__Source data__.

☆ ☆ ☆ ☆ ☆

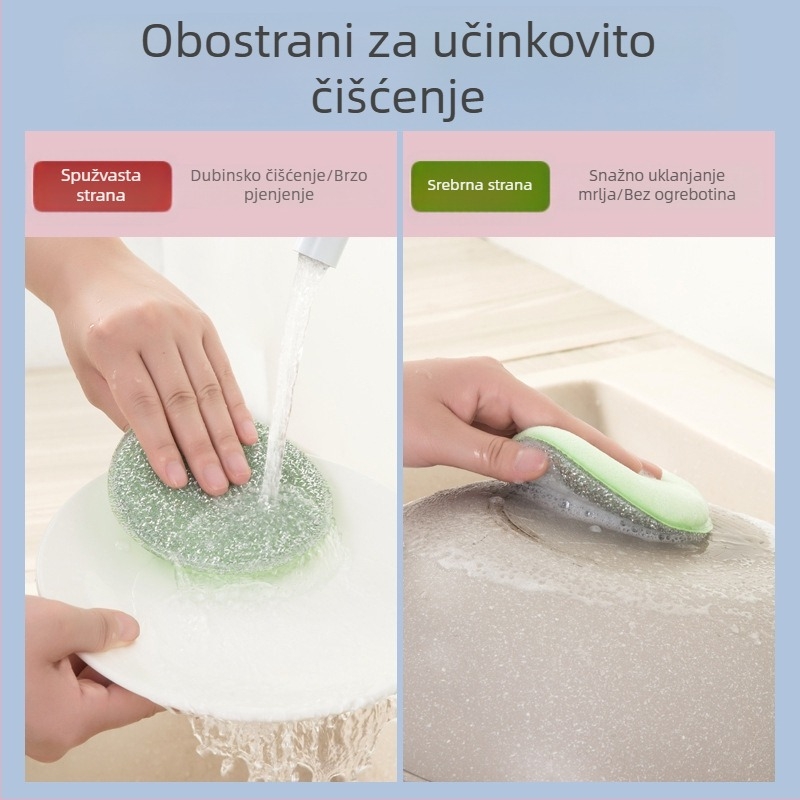 Višefunkcionalna spužva za pranje posuđa i lonaca, spužva za čišćenje i abrazivna kuhinjska spužva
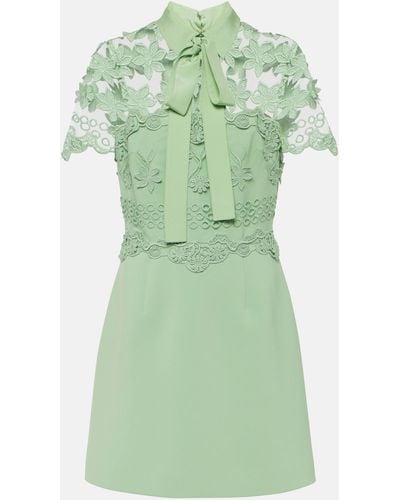 Elie Saab Floral-applique Silk-blend Minidress - Green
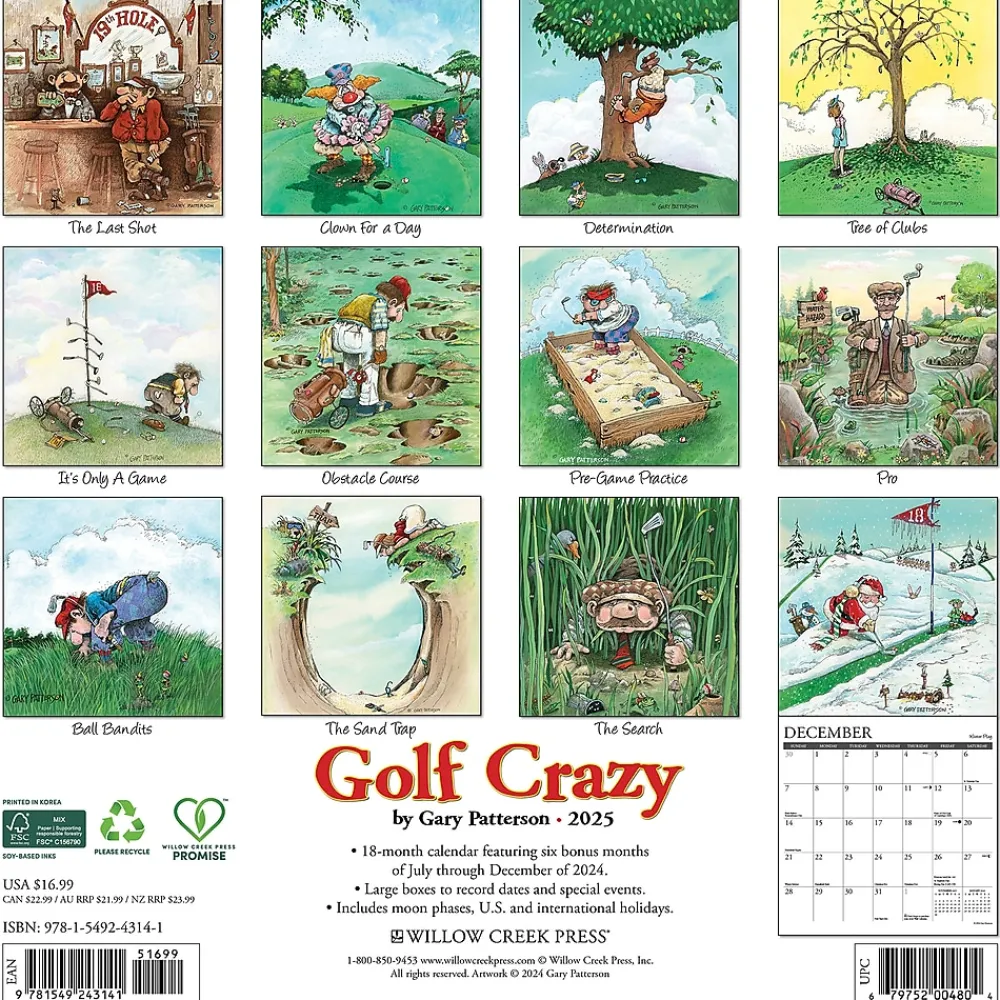 2025 Calendars|Willow Creek 2025 Golf Crazy Cartoon 12" x 12" Monthly Wall Calendar (43141)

☆ ☆ ☆ ☆ ☆

__Assignment__. The copy must reproduce the listing above verbatim and contain no pictures.

__Reply to the exercise__.
 Višefunkcionalna spužva za pranje posuđa i lonaca, spužva za čišćenje i abrazivna kuhinjska spužva
 Elie Saab Floral-applique Silk-blend Minidress - Green
 2025 Calendars|Willow Creek 2025 Golf Crazy Cartoon 12" x 12" Monthly Wall Calendar (43141)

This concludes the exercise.